Employment Act 1955 Milan Auto Sdn Bhd v Wong Seh Yen [1994] 2 MLJ 135 Facts The claimant was terminated without notice by the company, his monthly salary before termination was RM600. Claimant contended the company has violated Section 14(1) of the Employment Act 1955 as no enquiry was held before dismissal so the dismissal was without just cause or excuse. The chairman of the Industrial Court held that the claimant, being an employee within the meaning of the Act, could only be dismissed after due enquiry. The company applied for an order of certiorari to quash the award of the Industrial Court.
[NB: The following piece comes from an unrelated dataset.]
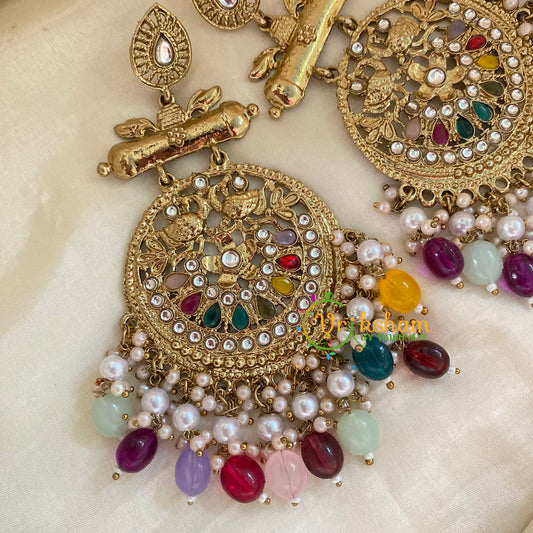 Multicolor Kundan Meenakari Danglers -G8190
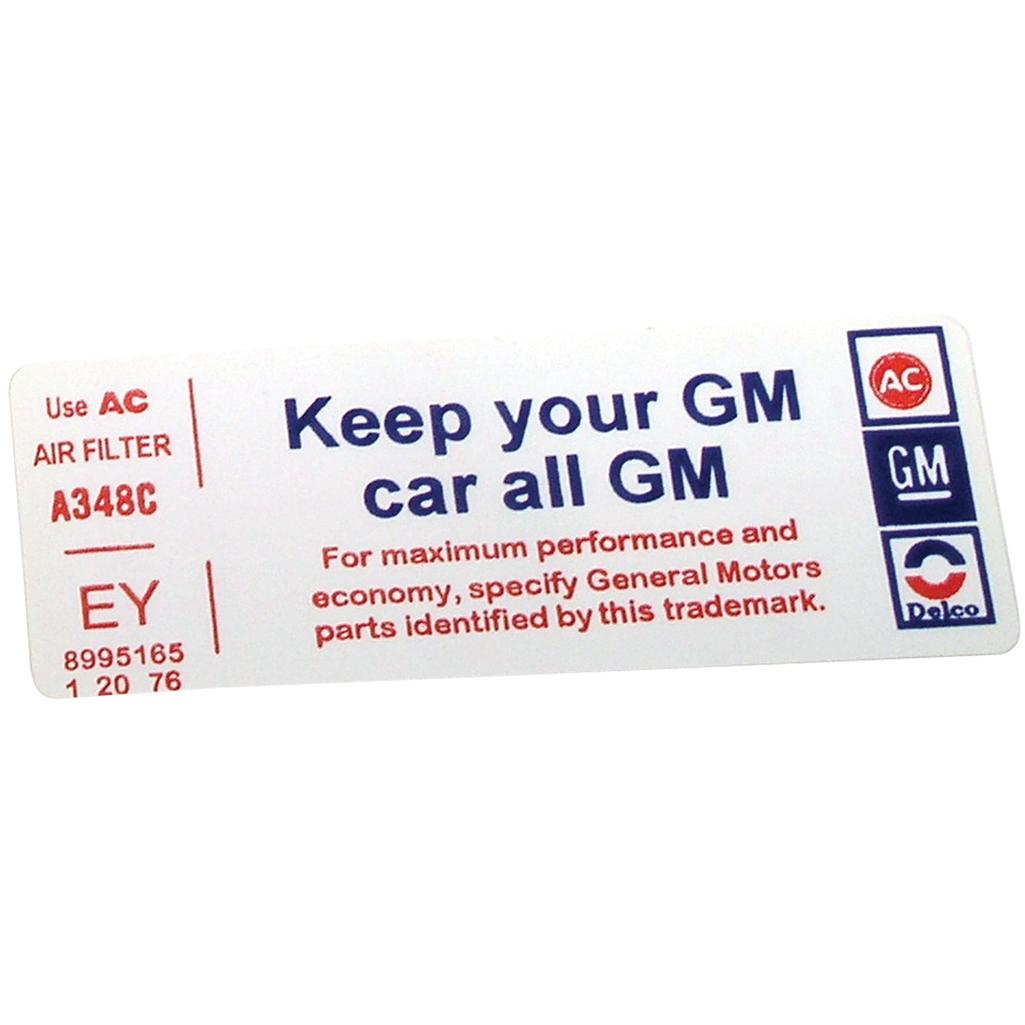 C3 1976 Corvette Decal, Air Cleaner - Keep Your GM Car All GM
Held The court dismissed the application, affirming the claimant was an employee under the Act and the provisions of the Act apply to him, as mechanic whose salary is RM600 is an employee according to paragraph (1), First Schedule, Employment Act 1955. Due inquiry must be held before dismissal.

Colgate Palmolive Sdn Bhd v Cheong Foo Weng [2001] MLJU 765 Facts The respondents receiving a salary of more than RM1,250 at the material time. The respondents were receiving overtime payments which according to the Collective Agreement between the appellant and the National Union of Petroleum and Chemical Industry Workers, who represent the respondents, the ceiling of the overtime payment is RM1325. The respondents did not at material time dispute the basis of the overtime payment before they instituted a claim against appellant. Respondents contend that they should have been paid overtime wages in accordance with Section 60A(3) of the Employment Act 1955. Director General of Labour allowed such claim. Appellant appealed. Held The court allowed the appeal with cost. The respondents are not engaged in manual labour within the 2(1) of First Schedule of Employment Act 1955. A distinction must be drawn between manual labour and manual work. Manual labour is manual work which requires toil and effort. A person is not deemed to be “engaged in manual labour” if his job functions are primarily and substantially dependent on his acquired skill, knowledge or experience but with incidental manual work. ‘Manual labour’ involves physical exertion as opposed to mental/intellectual effort. Thus it is not manual labour if ‘the real labour involved is labour of the brain and intelligence’.The test to determine whether or not a person is ‘engaged in manual labour’ is: ‘what is the substantial/dominant purpose of the employment, to the exclusion of the matters which are incidental or accessory to the employment’. It is therefore essential to determine whether the work in question is purely physical in nature, as opposed to work which has a physical/manual content but which is really dependent upon acquired skill, knowledge or experience.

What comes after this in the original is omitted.